Chalk brood is a fungus. If the hive is cool and/or damp it makes it easier for the xhalk brood to establish. Is the hive in a different position to your others - a shady spot? A slightly lower elevation? Next to water?

Does the hive have a larger volume above the queen excluder? The nurses have to keep brood around 35C, if they struggle then you can get opportunistic infections like Chalk Brood.


----------



## GregB

The only instance I had this issue (chalkbrood) was a case of crappy genetics, I feel.
They had this issue where it was totally uncalled for.
I did perform a colony reset (I shook them out into a different hive to do the reset from scratch).
But also immediately reused the "infected" hive/frames elsewhere - no issue at all.


----------



## RayMarler

Chalk has always been a genetics issue for me. Try changing your queen supplier, try to find one that has VSH queens. They tend to have better resistance traits to the brood diseases that beehives get. If the infestation is in advanced stage then change out the infected brood combs as well.


----------



## crofter

GregB said:


> The only instance I had this issue (chalkbrood) was a case of crappy genetics, I feel.
> They had this issue where it was totally uncalled for.
> I did perform a colony reset (I shook them out into a different hive to do the reset from scratch).
> But also immediately reused the "infected" hive/frames elsewhere - no issue at all.


This would seem to indicate that there is no need to take precautions of spreading by transferring combs! I doubt that "once" is enough to validate advice that is contrary to most recommendations?


----------



## GregB

crofter said:


> This would seem to indicate that there is no need to take precautions of spreading by transferring combs! I doubt that "once" is enough to validate advice that is contrary to most recommendations?

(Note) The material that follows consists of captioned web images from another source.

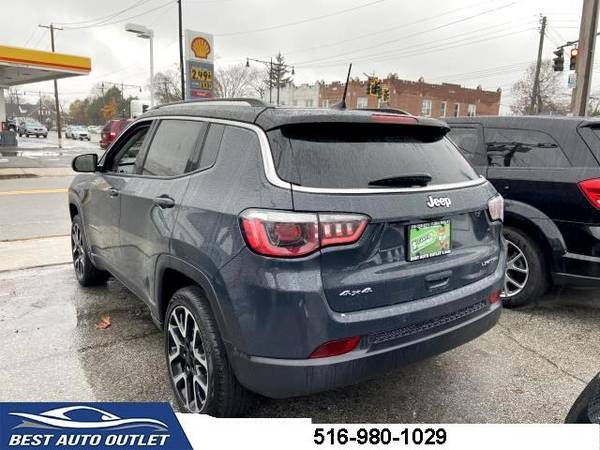 2017 Jeep Compass Limited 4x4 SUV - cars & trucks - by dealer -... for sale in Floral Park, NY – photo 3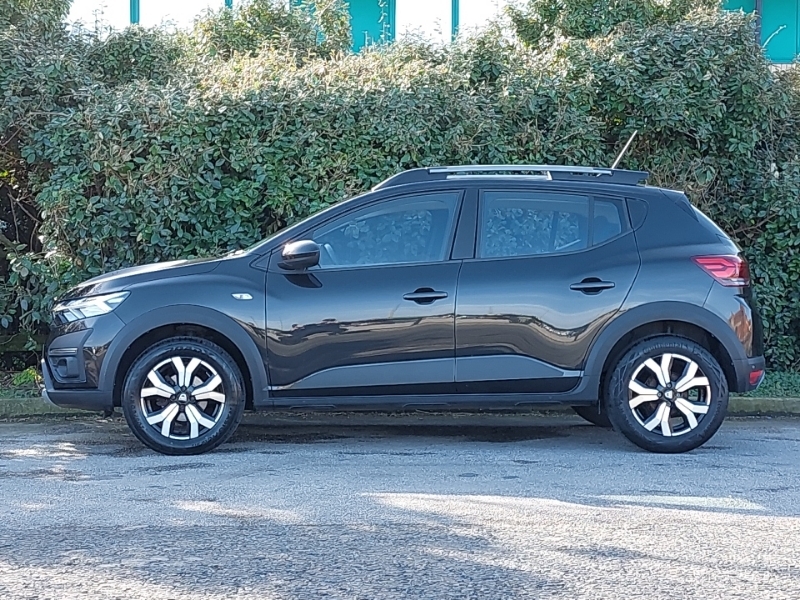 Dacia Sandero Stepway 1.0 Tce Prestige SO22AYT Black #4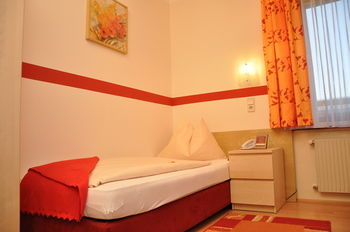 Others 2, Hotel Zlami-Holzer, Klagenfurt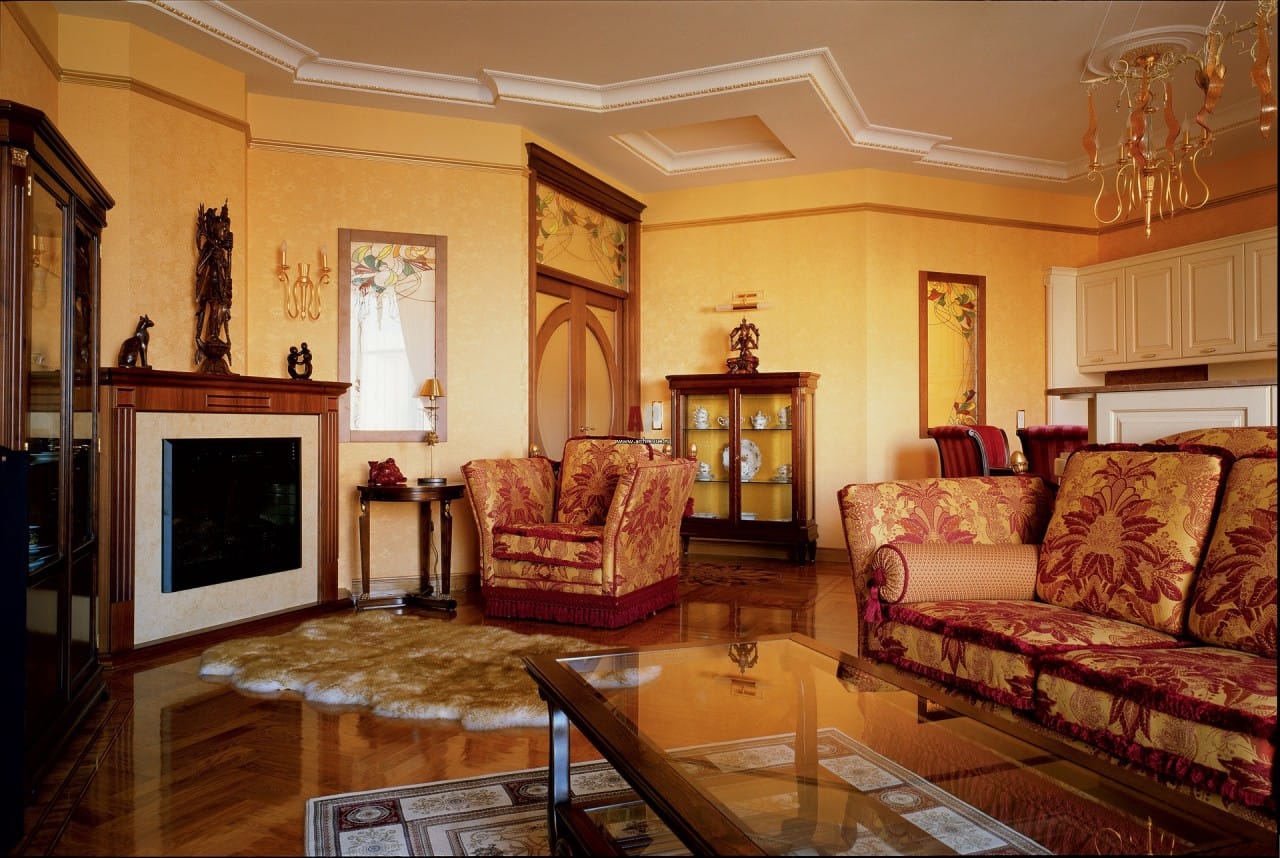 Величний ампір ідеально підходить для просторих приміщень розкішних палаців, заміських особняків та елітних сучасних апартаментів.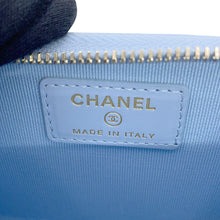 将图像加载到图库查看器中，CHANEL Matelasse fragment case Light BlueAP4893 Caviar Leather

Like I said - do these things *"at your own judgement".*
As for me I would do it again specifically with the chalkbrood and not loose any sleep.


----------



## Roland

I would shake them on wax foundation and give them a feed pail, just like if they had AFB.

Crazy Roland


----------



## crofter

GregB said:


> Like I said - do these things *"at your own judgement".*
> As for me I would do it again specifically with the chalkbrood and not loose any sleep.

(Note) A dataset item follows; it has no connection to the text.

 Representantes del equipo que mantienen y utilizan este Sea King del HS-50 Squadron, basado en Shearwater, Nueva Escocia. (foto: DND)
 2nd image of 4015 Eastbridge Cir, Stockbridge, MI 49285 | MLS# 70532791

In this case the thread originator has already changed out the queen to no avail. Perhaps the comb is the continued repository of the fungus. Induce a brood break getting rid of all existing and incipient chalk mummies; start with new queen and frames and get the hives up off the ground if they are on pallets. If the other colonies are unaffected, all the more reason NOT to transfer equipment.

I have had some conversation with a person from an area where it is fairly widespread issue that while not devastating is a real drag. Kind of hurts nuc sales.
I questioned the OP on some of the symptoms to ensure the diagnosis was 100% chalkbrood; we have not heard back. 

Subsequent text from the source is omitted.